> **What the task requires**: Copy exactly, and only, the lines from the one with "ein weißes Badezimmer" to the end of the listing; omit pictures.

> **Exercise data**:
- Opening Delimiter -
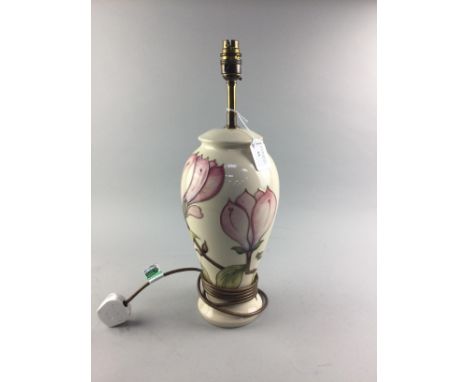 MOORCROFT TABLE LAMP, decorated with tube-lined stylised floral designs on a cream ground, 45cm high overall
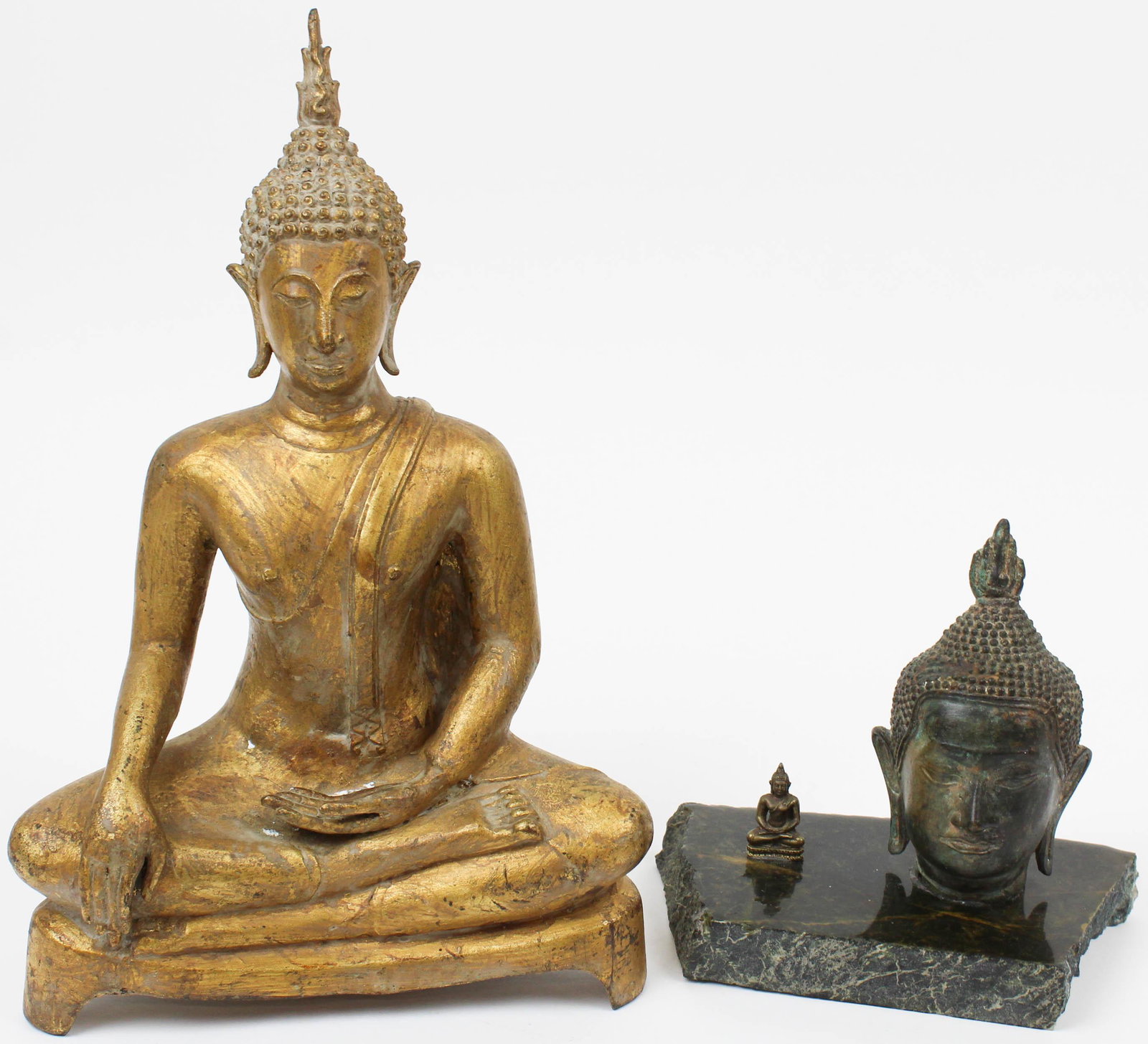 Buddha Cast Bronze Figures, Head: Buddha cast bronze figure, thin bronze with heavy clay interior, ht 11 3/4", sold with a cast Buddha head, ht 5", small cast bronze Buddha, ht 1 1/4"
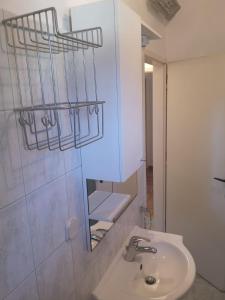 ein weißes Badezimmer mit einem Waschbecken und einem Spiegel in der Unterkunft Apartment Valentin in Ugljan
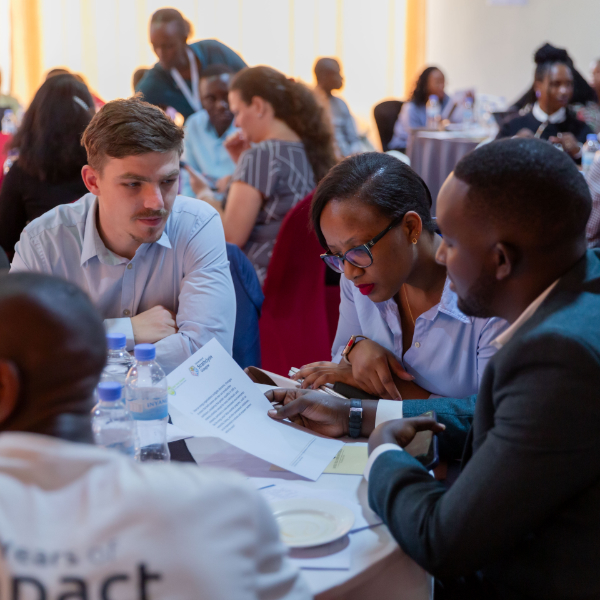 A group of people sit around a conference table looking at some documents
- Closing Delimiter -
> **Written solution**:
 ein weißes Badezimmer mit einem Waschbecken und einem Spiegel in der Unterkunft Apartment Valentin in Ugljan
 A group of people sit around a conference table looking at some documents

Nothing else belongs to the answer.